-
- 147 Posts
Evolution versions of MODX come with a handy, sample robots.txt file that is written to protect just the right directories from search engine crawlers. Does anyone have a pre-configured robots.txt file that is appropriate for the latest release of Revolution? (Just curious -- why isn’t a sample robots.txt file included as a standard Revolution component?)
-
- 5 Posts
would love to see this too if someone can post?
-
- 147 Posts
If you disallow all of those directories, what else is there to crawl? I guess I am somewhat confused as to exactly how the Robots.txt works with a database-driven cms such as MODx. Basically, I want the actual pages of my site to be crawled, but nothing else. Is there a standard way to achieve this?
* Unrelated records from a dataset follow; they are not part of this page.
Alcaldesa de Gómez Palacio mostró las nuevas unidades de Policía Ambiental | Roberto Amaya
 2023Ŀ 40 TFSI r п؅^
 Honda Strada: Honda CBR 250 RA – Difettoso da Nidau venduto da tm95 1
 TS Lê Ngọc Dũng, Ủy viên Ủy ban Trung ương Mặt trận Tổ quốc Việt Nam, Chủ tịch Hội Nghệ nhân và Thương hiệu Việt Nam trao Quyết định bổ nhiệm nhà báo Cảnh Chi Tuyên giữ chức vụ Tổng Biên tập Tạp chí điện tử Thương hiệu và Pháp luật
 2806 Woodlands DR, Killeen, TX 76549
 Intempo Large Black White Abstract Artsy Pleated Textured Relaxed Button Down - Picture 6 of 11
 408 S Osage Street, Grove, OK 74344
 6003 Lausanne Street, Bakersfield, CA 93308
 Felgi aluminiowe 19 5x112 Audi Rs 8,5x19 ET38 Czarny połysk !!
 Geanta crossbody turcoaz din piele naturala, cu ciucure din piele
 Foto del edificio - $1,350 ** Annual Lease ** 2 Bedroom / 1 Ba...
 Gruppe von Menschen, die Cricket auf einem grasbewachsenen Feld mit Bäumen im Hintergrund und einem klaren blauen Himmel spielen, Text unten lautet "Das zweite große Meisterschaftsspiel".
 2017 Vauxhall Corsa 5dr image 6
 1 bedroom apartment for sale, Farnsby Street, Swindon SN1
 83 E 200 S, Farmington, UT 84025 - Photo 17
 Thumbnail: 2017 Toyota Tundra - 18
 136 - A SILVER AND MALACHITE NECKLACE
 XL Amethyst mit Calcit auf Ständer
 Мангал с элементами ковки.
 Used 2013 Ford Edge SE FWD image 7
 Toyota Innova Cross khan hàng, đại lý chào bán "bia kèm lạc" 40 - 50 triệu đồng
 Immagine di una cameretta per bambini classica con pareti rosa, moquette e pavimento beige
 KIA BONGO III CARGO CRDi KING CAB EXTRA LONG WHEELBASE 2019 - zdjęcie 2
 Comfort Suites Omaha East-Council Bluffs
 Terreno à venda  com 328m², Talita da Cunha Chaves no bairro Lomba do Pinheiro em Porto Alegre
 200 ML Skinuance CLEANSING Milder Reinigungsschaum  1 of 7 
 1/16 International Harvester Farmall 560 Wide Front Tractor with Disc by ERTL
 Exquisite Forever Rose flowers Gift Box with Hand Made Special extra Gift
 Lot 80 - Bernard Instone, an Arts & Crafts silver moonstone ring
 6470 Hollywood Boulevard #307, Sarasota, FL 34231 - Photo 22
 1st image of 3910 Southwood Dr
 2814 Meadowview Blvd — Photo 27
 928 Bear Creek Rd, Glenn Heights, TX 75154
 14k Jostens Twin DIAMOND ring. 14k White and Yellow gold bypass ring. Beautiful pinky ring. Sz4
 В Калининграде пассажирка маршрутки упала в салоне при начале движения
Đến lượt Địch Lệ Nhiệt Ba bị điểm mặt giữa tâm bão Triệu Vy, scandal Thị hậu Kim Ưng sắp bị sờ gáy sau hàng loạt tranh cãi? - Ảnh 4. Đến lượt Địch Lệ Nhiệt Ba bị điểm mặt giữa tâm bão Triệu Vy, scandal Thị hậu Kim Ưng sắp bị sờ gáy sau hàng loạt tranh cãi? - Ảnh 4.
Your site's pages are all generated, there's nothing in the file system for the crawlers to see except for the main index.php file that serves as the trigger for generating the page being requested. Don't forget, your page URLs are really index.php?id=xxx, where xxx is the ID of the resource to use in building the requested page. The friendly URLs like about.html are all done by trickery involving server rewriting and internal MODx juggling IDs and aliases.
[ed. note: sottwell last edited this post 12 years, 3 months ago.]
-
- 2 Posts
Where i put this "# Robots.txt"
-
- 24,544 Posts
If you disallow the assets directory, Google may not show your images in the search results.
@honey -- the robots.txt file goes in the MODX root directory. You may already have one there. If it causes trouble, post the contents of the file here.